このお話をいただいてから中田町地域の神社やお寺、そして、城跡を廻ったりと・・・これも先祖以来のご縁あるめぐり合わせかと・・・・
今回改めて戦国時代の田村の庄を中心とした、御春輩と称する平姓三春田村氏の旧臣衆と向き合っています。
「しっかり講話せよ!」と田村旧臣にお叱りをいただかないよう、あと2回の講座を自分なりに頑張る所存であります。
そして、もう少し戦国の世の田村庄を堪能したいと思います。
いざ出陣じゃ!
「春陽三春郷(旧三春藩領)の歴史あれこれ・塵壺より」
中田町郷土歴史研究会 講演会 於中田ふれあいセンター
令和6年12月4日(水) 毎週水曜日 4回 講演 午後1時30分~
三春昭進堂代表 髙橋龍一 塵壺発行責任者
講演項目
・三春田村氏と南方要害(中田町周辺)武士団
・中世の田村庄と小野保周辺「奥州田村六十六郷・小野六郷」
・三春城主秋田氏
・幕末戊辰戦争と三春藩
参照資料
「田母神旧記」
「田村家臣録」
「田村系譜」
『中田町の文化財』 中田町郷土歴史研究会 1~4
『なかた町史』 中田町郷土歴史研究会 第1集
『仙道田村荘史』青山正
『田村郡郷土史』田村郡教育會
『岩磐史料叢書、岩磐史料刊行會
『三春町史』 三春町
『船引町史』 船引町
『大越町史』 大越町
『滝根町史』 滝根町
『姓氏家系大辞典』 太田亮 姓氏家系大辞典刊行会
中世の商人 坂東屋富松和泉守氏久
室町時代、南奥州から北関東で活躍した豪商・坂東屋富松四郎和泉守氏久(富松という名称は世襲)がいました。
商人でありながら和泉守(前・左衛門尉)という官位を拝領し、当時の営業活動全般が取り仕切られている“座”から奥州諸大名を相手に、熊野新宮参詣を案内できる権利「先達職(せんだつしょく)」を購入し「熊野先達職」を保有していました。
熊野先達職というのは、田村庄を管轄する熊野へ行く際に、旅程にある各関所の通行手形の発給手続きや、道中の宿泊施設の手配など現在の旅行代理店業務をすることで手数料を徴収する観光業者的な役職です。
坂東屋富松は、室町幕府より、もう一つ大事な仕事を任されていました。
それは、室町幕府の将軍職就任や家督継承等の各種慶事の祝い、そして奥州諸氏の京都へ入洛する際の御礼や心配りの付け届け、御祝儀等々を督促・集金して廻ること、さらに、将軍の名前より一文字の拝領や、武将官位の下賜による叙位任官等への勧誘及び申請などを幕府執政に成り代わって行うことでした。

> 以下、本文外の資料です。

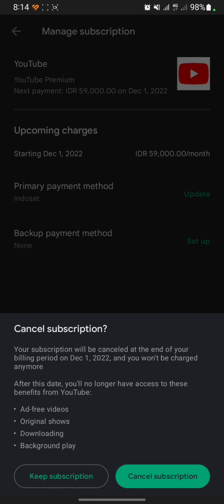You can see a message about your subscription. It says your subscription will be cancelled at the end of your billing period on 1 December 2022, and you won't be recharged after this day. You will no longer have access to YouTube benefits. This means your subscription still runs until 1 December 2022, after which it will be fully cancelled.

武将官位とは、田村大膳太夫清顕、松下石見守長綱、安東秋田城介實季などに見られる「○○太夫」「○○守」「○○介」のことで「受領名」「官職名」などを指しています。この叙位官位には、幕府への金品の授受が必要とされ、衰退していた室町幕府にとっては正当な財源の一つで、坂東屋富松はその報酬として手数料を取っていました。
伊達政宗の曾祖父である伊達植宗の従四位下・左京大夫職の任官及び陸奥国守護補任には富松氏久が、また、植宗の子晴宗の左京大夫補任やその子輝宗の韓字拝領などの際には富松与一が、さらに天正十六年には豊臣秀吉の奉行衆の一人で富田一白の書状を伊達政宗のもとに伝えて上洛催足の役を務め、翌十七年から十八年には伊達氏による会津葦名侵略に対する秀吉の意向や上方の政情を政宗に伝えたのも坂東屋道有・・・というように、坂東屋富松の事業継承者による仲介がありました。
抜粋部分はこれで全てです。